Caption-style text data
* * *
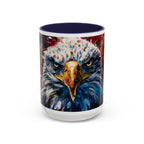 Patriotic Eagle Coffee Mug - Bold American Bald Eagle Art (11/15oz)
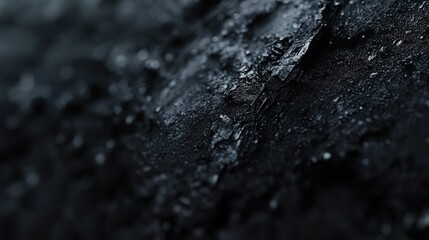 Poster - A close-up view of a textured dark surface, possibly resembling rock or mineral deposits.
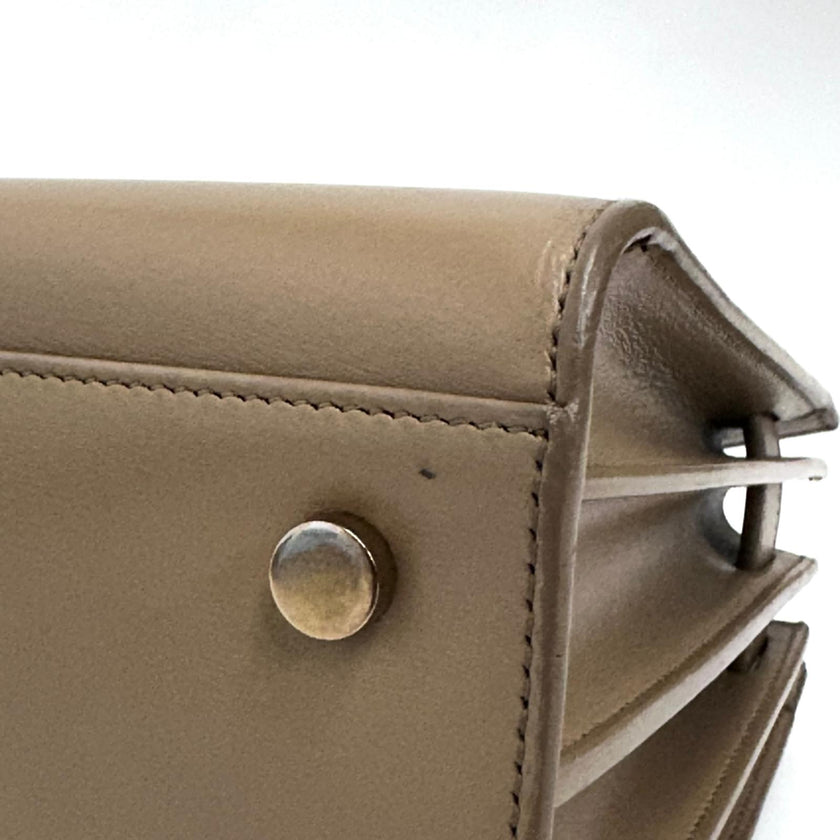 Saint Laurent borsa a Tracolla Sac de Jour Baby in pelle taupe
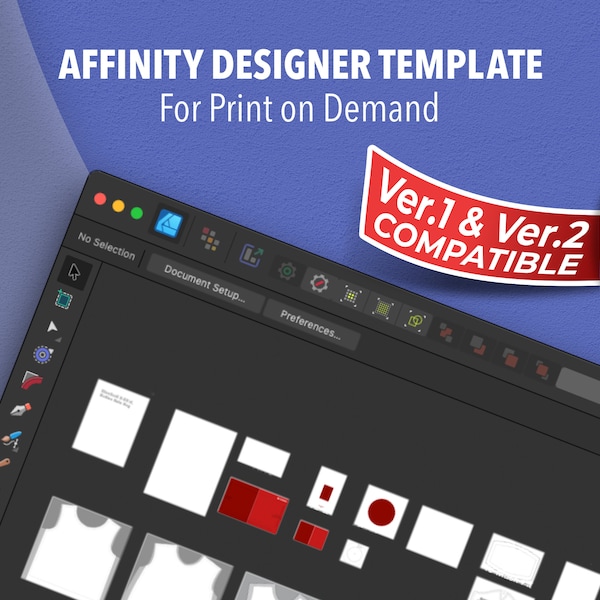 Affinity Designer Template for Redbubble Product Layout, Affinity Photo Template, Layer ArtBoard Preset, Redbubble template, Print on Demand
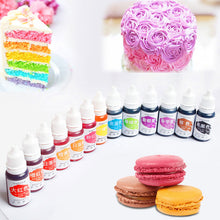 Load image into Gallery viewer, Eetbare Pigment 10 ml Macaron Crème Kleurstof Ingrediënten Cake Fondant Bakken Cake Eetbare Kleur Pigment Bakken &amp; Gebak Gereedschap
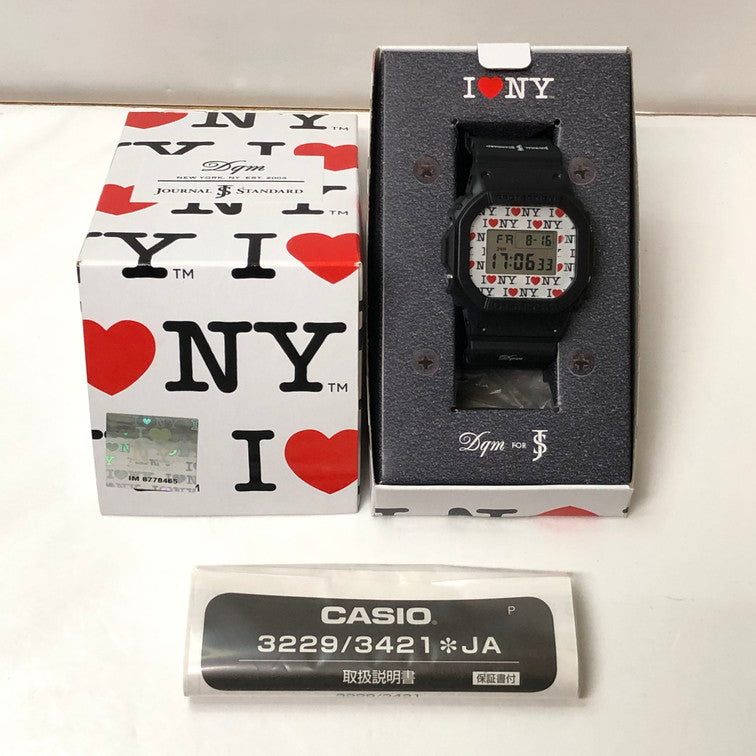 【中古美品】【メンズ】 JOURNAL STANDARD ジャーナルスタンダード CASIO G-SHOCK×Dqm×ジャーナルスタンダード DW-5600VT トリプルコラボ 196-240816-wy－4-tom カラー：ブラック 万代Net店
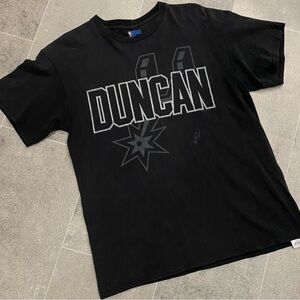 NBA Black and Gray Duncan T-Shirt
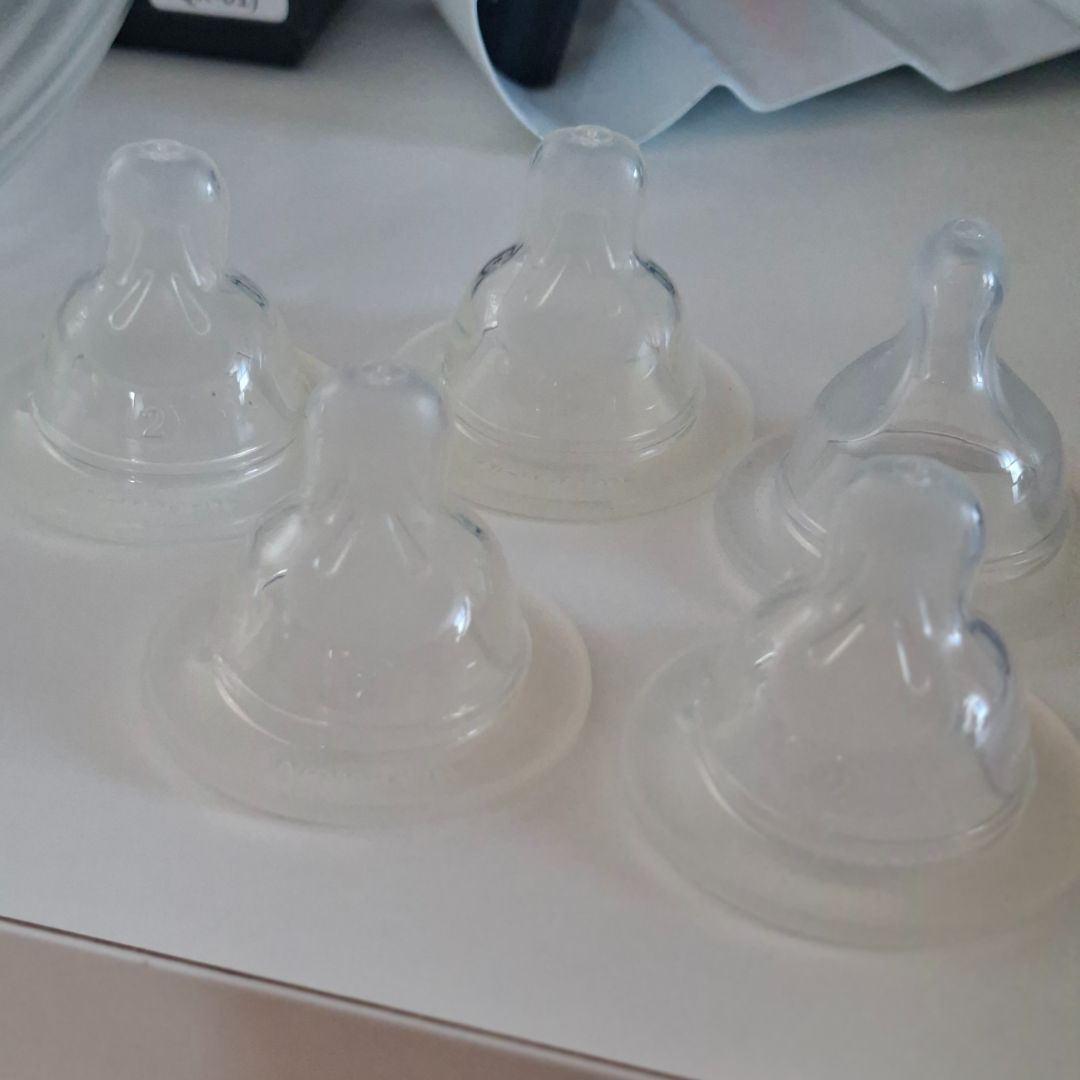 Baby Bottle Teats - Set of 5
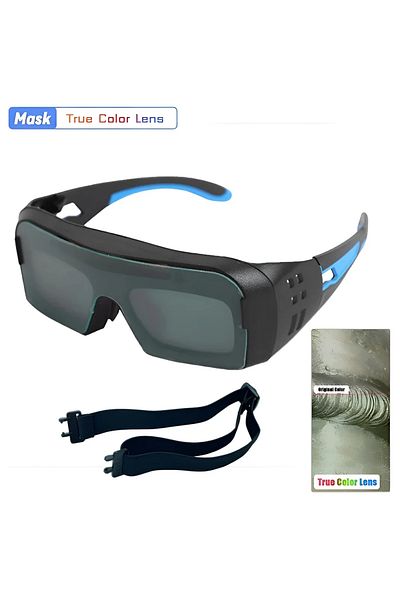 Choice Ture Color Lens Auto Darkening Welding Glasses Solar Power Safety Protective Welders Glasses Argon A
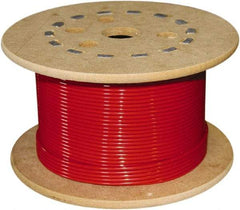 Loos & Co. - 1/8" x 3/32" Diam, Stainless Steel Wire Rope - 920 Lb Breaking Strength, 7 x 7, Vinyl Coating - Eagle Tool & Supply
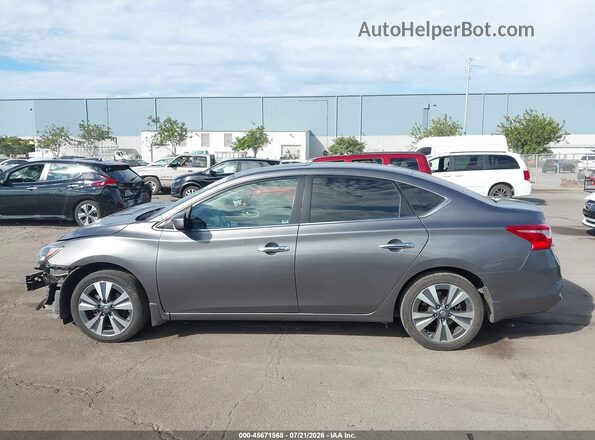 3N1AB7AP4KY394178 2019 NISSAN SENTRA Gray 
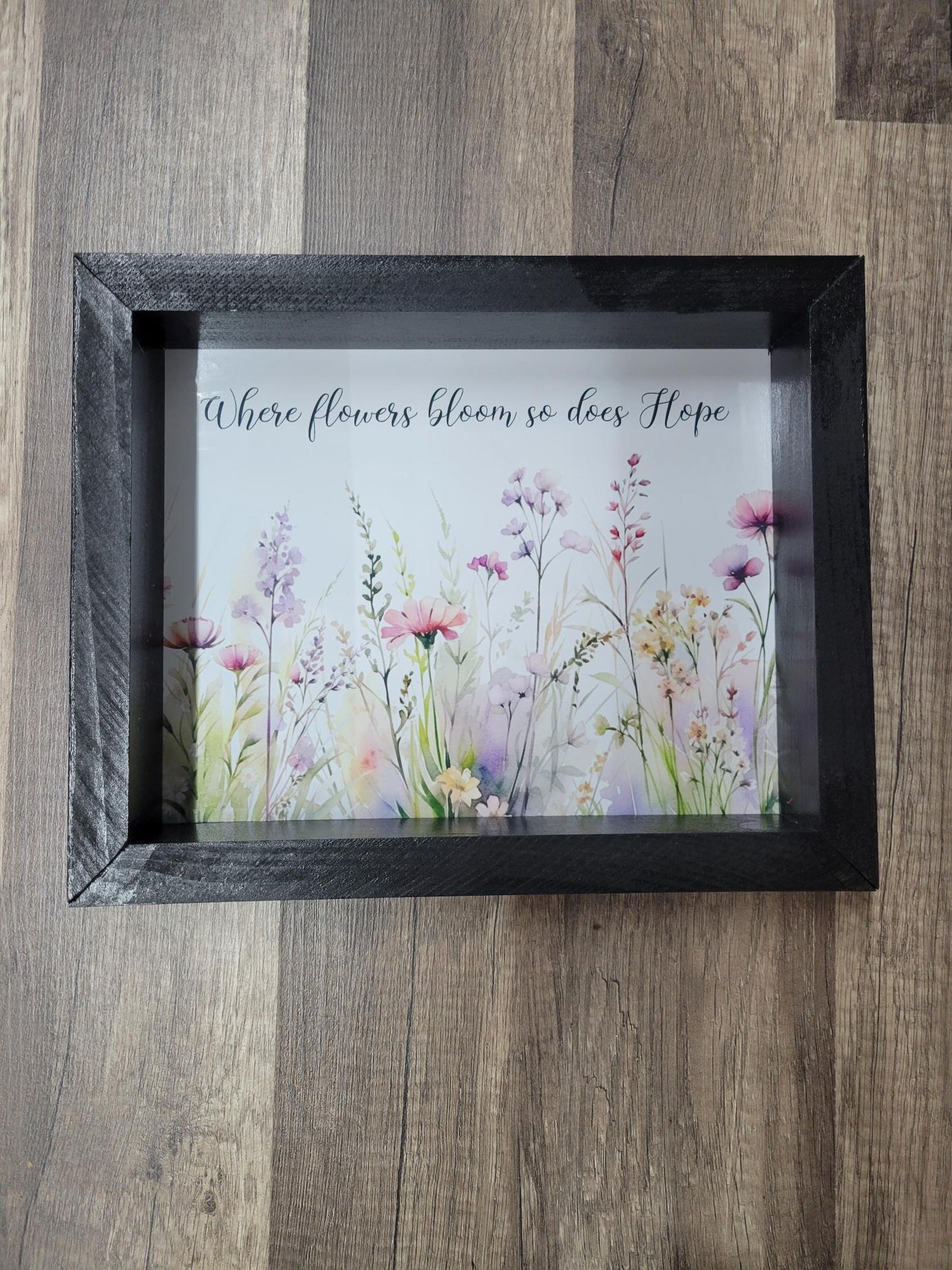 Where Flowers Bloom So Does Hope – Inspirational Floral Wall Artt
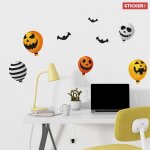 Sticker ballon halloween s (largeur 38cm, hauteur 28, 5cm)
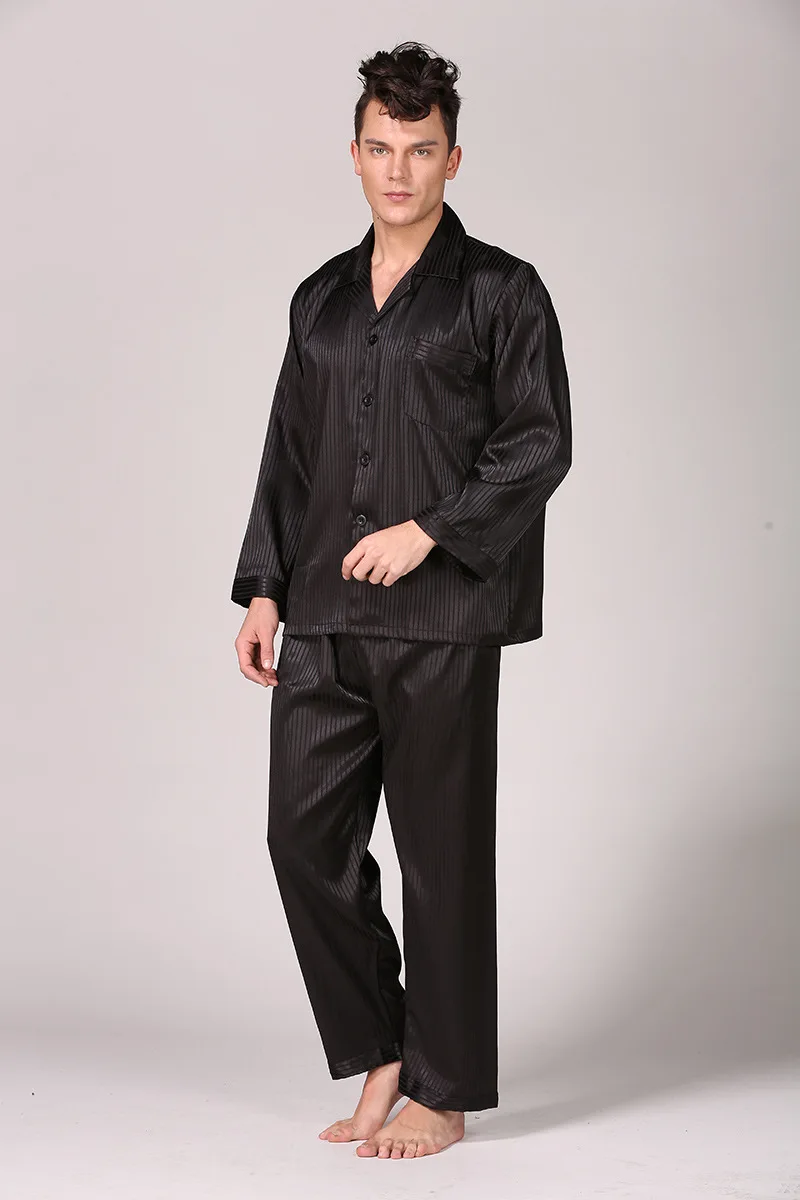 Silk Pajamas Pyjamas Men Sleepwear Modern Style Silk Homewear Satin Soft Cozy loungewear men nightwear
Silk Pajamas Pyjamas Men Sleepwear Modern Style Silk Homewear Satin Soft Cozy loungewear men nightwear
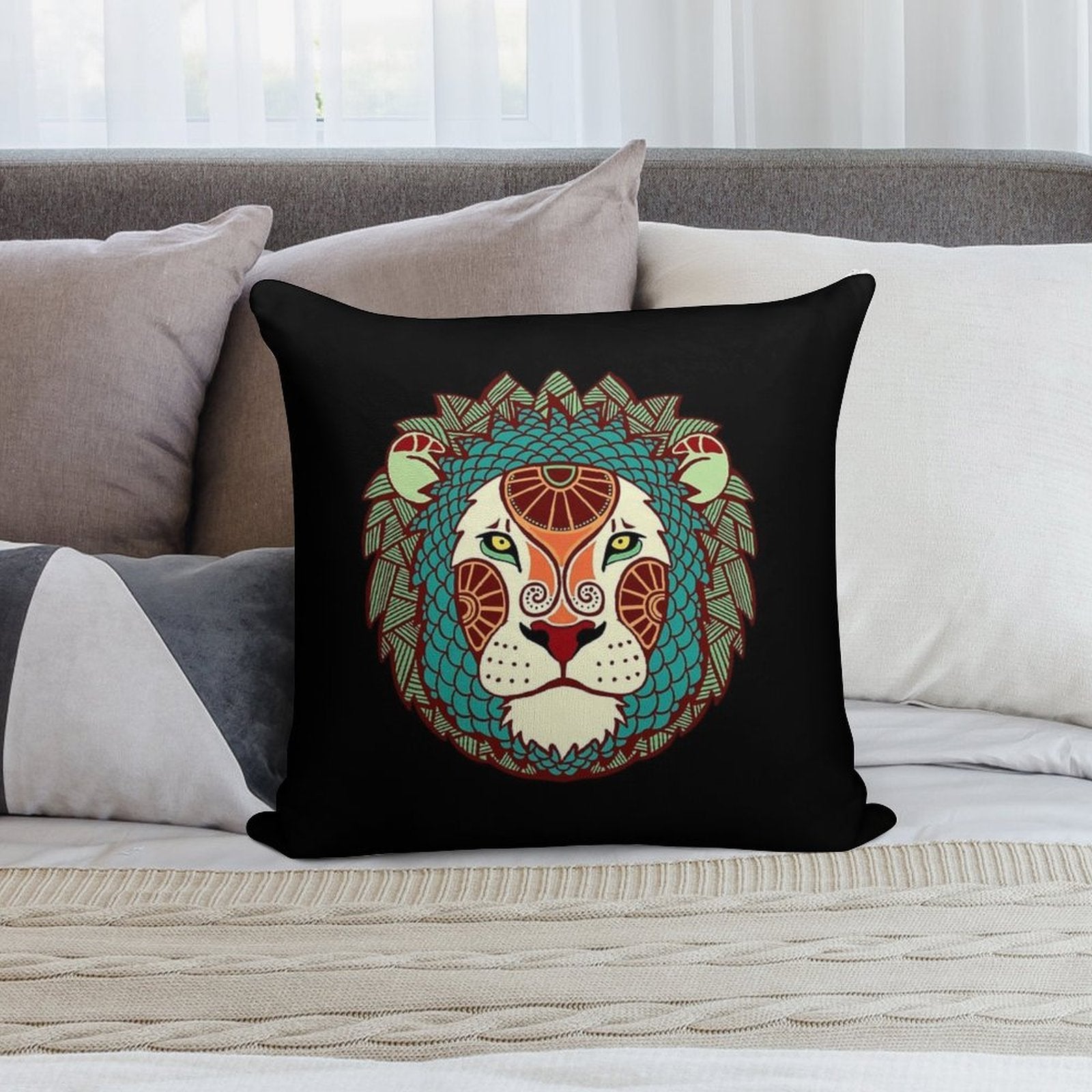 Leo Soft Multiple Sizes Throw Pillow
* * *
If a line falls between the one containing "3N1AB7AP4KY394178 2019 NISSAN SENTRA Gray" and the last line of the entries above, both included, reproduce it exactly; leave the pictures out.

 3N1AB7AP4KY394178 2019 NISSAN SENTRA Gray 
 Where Flowers Bloom So Does Hope – Inspirational Floral Wall Artt
 Sticker ballon halloween s (largeur 38cm, hauteur 28, 5cm)
 Silk Pajamas Pyjamas Men Sleepwear Modern Style Silk Homewear Satin Soft Cozy loungewear men nightwear
Silk Pajamas Pyjamas Men Sleepwear Modern Style Silk Homewear Satin Soft Cozy loungewear men nightwear
 Leo Soft Multiple Sizes Throw Pillow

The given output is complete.